Estaba segura de que Alejandro la atraía, y él había acertado en una cosa: había nacido para casada. Tiempo atrás su madre le había prometido que, cuando muriese Orján, la devolverían a Bizancio para contraer un buen matrimonio cristiano.
Pero, como princesa de Bizancio, no podía casarse con cualquiera. No había nadie en la corte del emperador con categoría suficiente para ser su esposo. Entre las ciudades-estado que pertenecían al Imperio, no había ningún príncipe, salvo Alejandro, que no estuviese ya casado o fuese demasiado viejo o demasiado joven.
Dejando aparte las consideraciones prácticas, Alejandro era un hombre apuesto, educado y que la comprendía como mujer con una mente propia. No estaba enamorada de él, pero creía que podría llegar a estarlo. Se sentía fuertemente atraída. No sería difícil convivir con él. Por otra parte, quería tener más hijos.
Dejó distraídamente que sus mujeres la desnudasen, la lavasen con agua caliente y perfumada y le pusiesen un caftán de color de rosa. Después las despidió y se tumbó en la cama.
Si Murat la hubiese amado de veras, le habría ofrecido el matrimonio, no la vergonzosa esclavitud que había sugerido. Alejandro le ofrecía su corazón y su trono.
Sonrió para sí en la oscuridad. Alejandro era un hombre muy terco y ella no creía que aceptase una negativa. Se le escapó una risita divertida. Un Murat resuelto a su derecha y un Alejandro igualmente resuelto a su izquierda. La verdad era que no tenía más alternativa que aceptar a uno de los dos.
No le sorprendió ver aparecer de pronto una sombra en el balcón, detrás de las finas e hinchadas cortinas de seda. Había pensado que Alejandro podía venir para defender su causa por la fuerza. Había veces en que incluso los hombres más ilustrados se valían del sexo para persuadir. Ella sabía que le decepcionaría saber que había tomado ya una decisión en su favor, empleando la lógica para ello.
Alejandro entró en la habitación y se acercó rápidamente a la cama.
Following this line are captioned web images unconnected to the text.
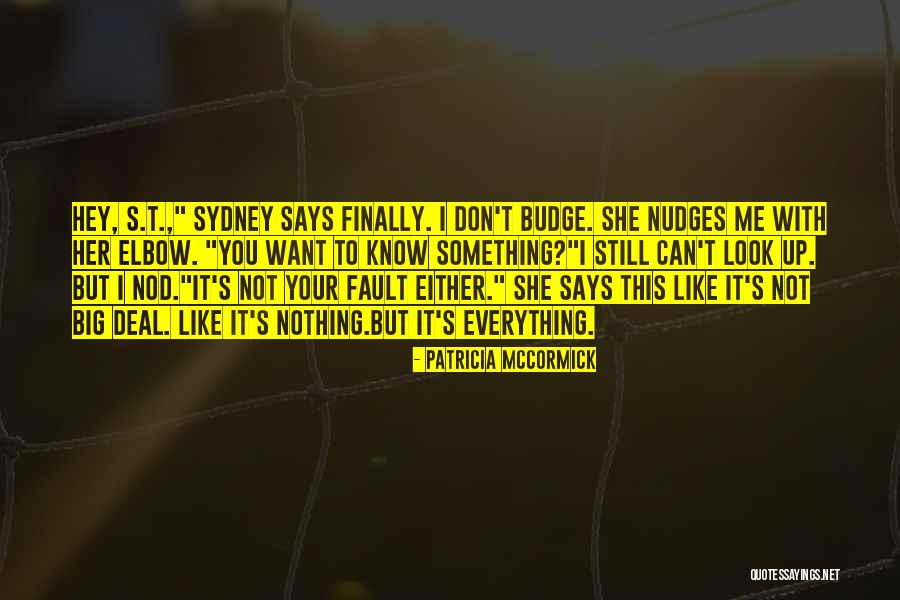 Not Your Fault Quotes By Patricia McCormick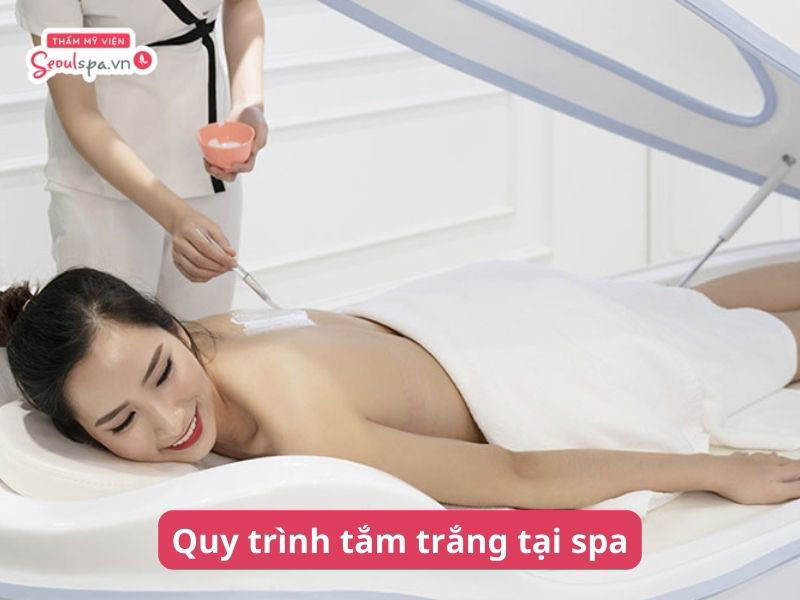 Quy trình tắm trắng tại Spa chuẩn chuyên nghiệp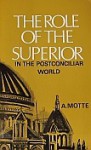 The Role of the Superior in the Postconciliar World - Antonin Motte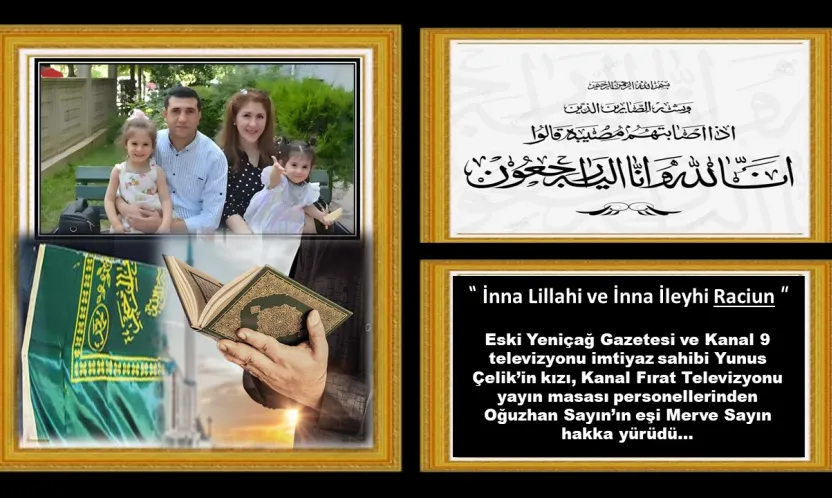 Sayın ve Çelik Ailelerinin Acısını Paylaşıyoruz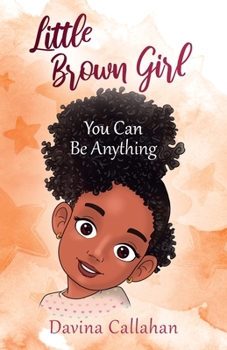 Paperback Little Brown Girl: You Can Be Anything Book
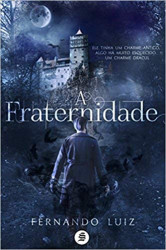 Capa de A fraternidade - Fernando Luiz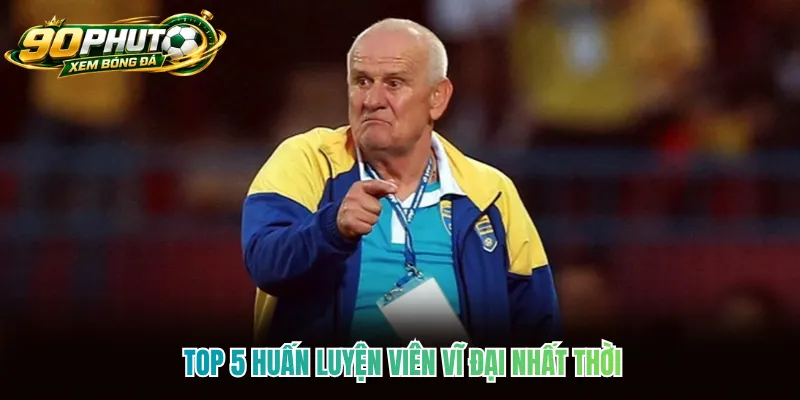 Top 5 huấn luyện viên vĩ đại nhất thời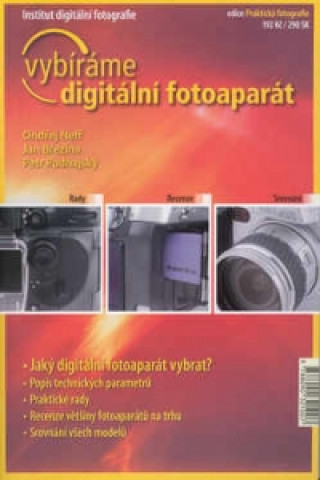 Kniha Vybíráme digitální fotoaparát Ondřej Neff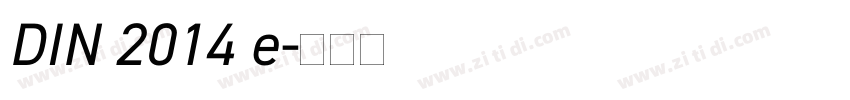DIN 2014 e字体转换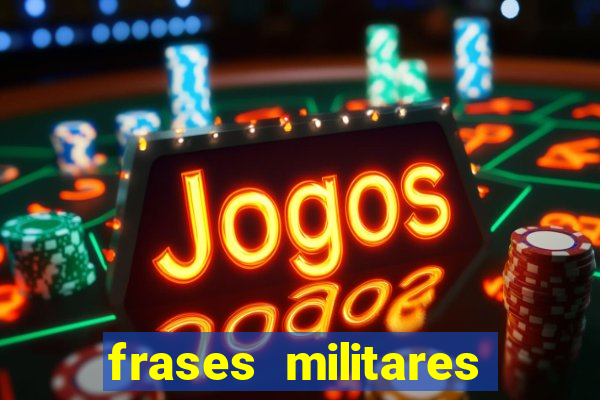 frases militares para status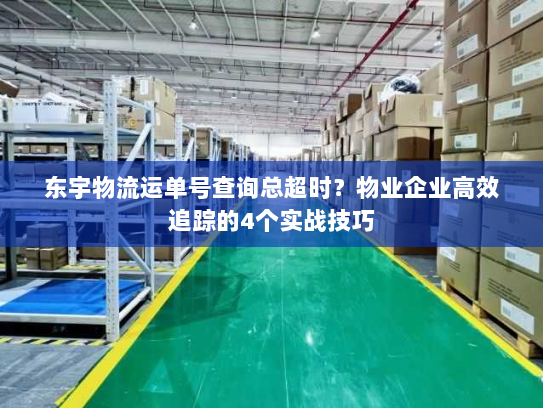东宇物流运单号查询总超时？物业企业高效追踪的4个实战技巧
– ¿Estás durmiendo, hermosa?
– No, Alejandro. Estoy pensando.
– ¿En lo que hemos hablado esta noche?
– Sí.
Él se sentó en la cama, sin esperar la invitación de Teadora. -Hace mucho tiempo que no te he besado -dijo, y la abrazó y besó delicadamente.
La soltó y ella dijo, con dulzura:
– ¿Es así como quieres hacerme el amor, Alejandro? Recuerdo mi primera noche en Focea; fuiste mucho más elocuente, aunque hacía mucho menos tiempo que nos conocíamos. Ven, mi señor, no soy un juguete que se rompa fácilmente. Si tu amor es tan apacible, tal vez no debería casarme contigo. No soy lasciva, pero incluso mi viejo marido era un amante más vigoroso.
Una risa profunda y divertida resonó en la oscuridad.
– Así pues, hermosa, ¿no quieres que te ponga sobre un pedestal y te adore como a una diosa de la antigüedad?
– No, mi señor, pues soy una mujer de carne y hueso.
Oyó que él se movía de un lado a otro y pronto se encendió una de las lámparas junto a la cama, y después otra y otra más.
– Quiero verte cuando te haga el amor -dijo él, incorporándola en la cama.
Desabrochó rápidamente los botones de perlas del caftán, que resbaló sobre los hombros de ella y cayó al suelo. Sus propias vestiduras siguieron inmediatamente a las de Teadora, sobre la blanda alfombra. Tumbándose de espaldas en la cama, sostuvo a Teadora encima de él, frotándole los senos con la cara. Después la reclinó lentamente, asiéndola entre los vigorosos brazos. Ella suspiró profundamente. Él invirtió hábilmente sus posiciones y Teadora se encontró de pronto debajo de su amante. Alejandro la miró y ella se ruborizó bajo su inspección.